Despite a growing body of literature, there has been relatively little effort to study Chinese foreign policy discourse by employing more rigorous data, quantitative approaches, and specifically using computational methods. We argue that our dataset of almost twenty years of the Ministry of Foreign Affairs press conferences is an important contribution to the scholarship on Chinese foreign policy with a potential use within both qualitative and quantitative traditions of political science, international relations, economy, and other fields studying contemporary China and its interactions with the world.

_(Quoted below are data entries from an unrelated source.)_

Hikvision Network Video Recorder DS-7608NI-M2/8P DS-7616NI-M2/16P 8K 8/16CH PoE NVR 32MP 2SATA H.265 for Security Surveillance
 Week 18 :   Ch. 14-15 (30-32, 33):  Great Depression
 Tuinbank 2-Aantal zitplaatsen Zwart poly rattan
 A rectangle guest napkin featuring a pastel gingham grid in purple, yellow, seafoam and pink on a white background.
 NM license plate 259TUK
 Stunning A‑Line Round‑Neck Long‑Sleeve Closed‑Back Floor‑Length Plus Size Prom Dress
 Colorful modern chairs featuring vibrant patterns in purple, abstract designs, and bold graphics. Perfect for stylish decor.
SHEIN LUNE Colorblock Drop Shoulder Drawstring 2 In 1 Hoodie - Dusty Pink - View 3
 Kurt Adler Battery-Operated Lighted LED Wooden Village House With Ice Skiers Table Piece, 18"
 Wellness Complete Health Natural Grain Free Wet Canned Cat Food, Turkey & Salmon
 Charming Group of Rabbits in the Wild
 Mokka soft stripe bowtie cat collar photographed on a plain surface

Introducing the Chinese Ministry of Foreign Affairs Press Conferences Corpus

Regular press conferences organized by Chinese Ministry of Foreign Affairs are unique source of information on official positions taken by Chinese government on different topics in international relations. The press conferences follow a western style structure with journalists asking questions and spokespersons responding to them. Although journalists are generally free to ask questions, hence acting as potential agenda-setters [34], the answers are provided selectively from a position of authoritative superiority creating an echo chamber for Chinese foreign policy. In other words, even if journalists might ask all sorts of questions, whether they eventually make it to the official transcript depends solely on the Ministry. Moreover, the transcripts of press conferences are curated skewing the overall influence of journalists (and partially also individual Ministry’s spokespersons) on the actual message the Ministry wants to disseminate [14, 63]. It should be also emphasized that the published transcripts are highly scripted, with possible sections omitted or adjusted as a result of standardization or outright censorship. In other words, the Corpus should not be regarded as exact transcriptions of what was actually said at the conference – instead it is what the Ministry wants to be publicly heard [63].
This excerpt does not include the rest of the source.